In [3]:
import os
import json
import numpy as np
import faiss
from typing import List, Dict, Any
import requests
from sentence_transformers import SentenceTransformer
import fitz  # PyMuPDF
from io import BytesIO
import re
import pickle

class PhilippineHistoryRAG:
    def __init__(self, 
                 pdf_path: str = "philippine_history.pdf",
                 embedding_model: str = "all-MiniLM-L6-v2",
                 ollama_model: str = "llama2",
                 ollama_url: str = "http://localhost:11434",
                 chunk_size: int = 500,
                 chunk_overlap: int = 50):
        """
        Initialize the Philippine History RAG system.
        
        Args:
            pdf_path: Path to the Philippine history PDF file
            embedding_model: Name of the sentence transformer model for embeddings
            ollama_model: Name of the Ollama model to use
            ollama_url: Base URL for Ollama API
            chunk_size: Size of text chunks in characters
            chunk_overlap: Overlap between chunks in characters
        """
        self.pdf_path = pdf_path
        self.embedding_model_name = embedding_model
        self.ollama_model = ollama_model
        self.ollama_url = ollama_url
        self.chunk_size = chunk_size
        self.chunk_overlap = chunk_overlap
        
        # Initialize components
        print("Loading embedding model...")
        self.embedding_model = SentenceTransformer(embedding_model)

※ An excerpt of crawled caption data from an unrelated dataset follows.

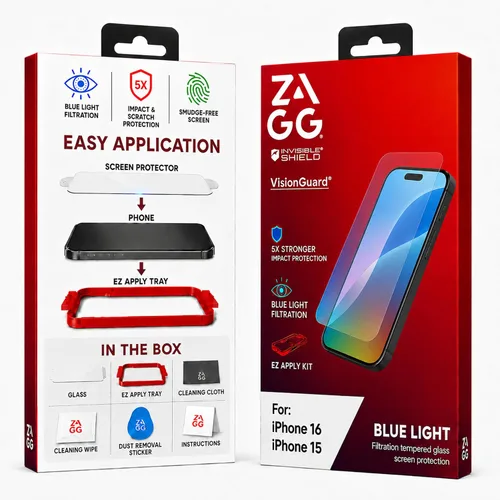 Vista 11 de ZAGG InvisibleShield Glass Elite VisionGuard+ - Protector de pantalla para Apple iPhone 14 Pro, máxima resistencia a golpes, golpes y arañazos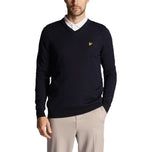 Lyle＆Scott Golf Merino Blend V Neck套头衫 - 黑暗海军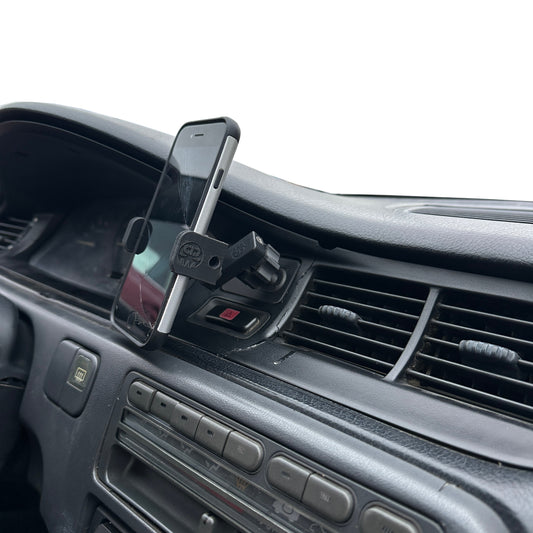 Custom phone mount for 1992-1995 Civic EG replaces factory clock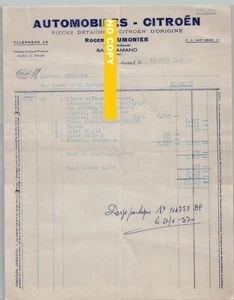 Document du 19/06/1957 LAUMONIER Citroën - St-Amande 18 - Imagen 1 de 1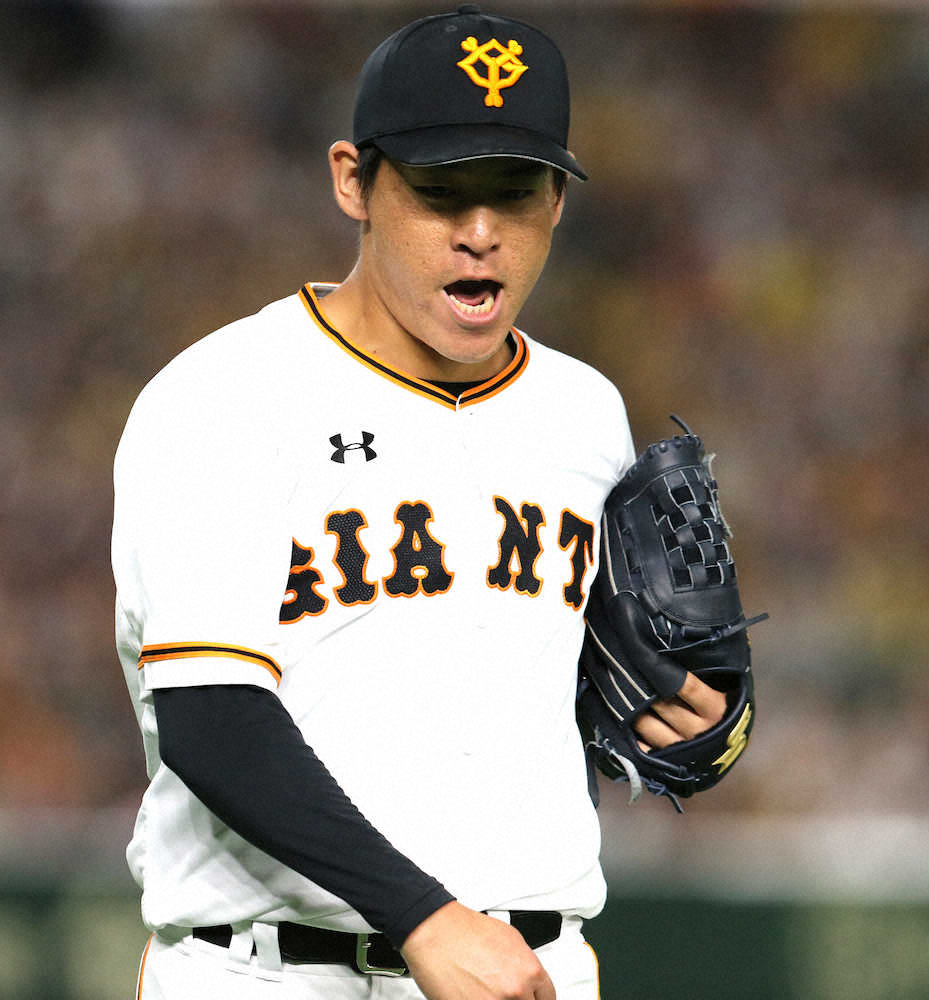 【画像・写真】巨人セ最速60勝到達！岡本が逆転V弾　桜井は気迫の虎退治　自己最多125球で7勝目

        self.embedding_dim = self.embedding_model.get_sentence_embedding_dimension()
        
        # Storage for chunks and index
        self.chunks = []
        self.faiss_index = None
        
    def load_and_extract_text(self) -> str:
        """
        Load the PDF file and extract text content using PyMuPDF.
        
        Returns:
            Extracted text from the PDF
        """
        print(f"Loading PDF: {self.pdf_path}")
        
        try:
            # Open the PDF document
            pdf_document = fitz.open(self.pdf_path)
            text = ""
            
            print(f"Processing {len(pdf_document)} pages...")
            
            for page_num in range(len(pdf_document)):
                page = pdf_document[page_num]
                page_text = page.get_text()
                text += f"\n--- Page {page_num + 1} ---\n{page_text}"
                print(f"Extracted page {page_num + 1}/{len(pdf_document)}")
            
            # Close the document
            pdf_document.close()
            
            print(f"Successfully extracted {len(text)} characters from PDF")
            return text
                
        except FileNotFoundError:
            raise FileNotFoundError(f"PDF file not found: {self.pdf_path}")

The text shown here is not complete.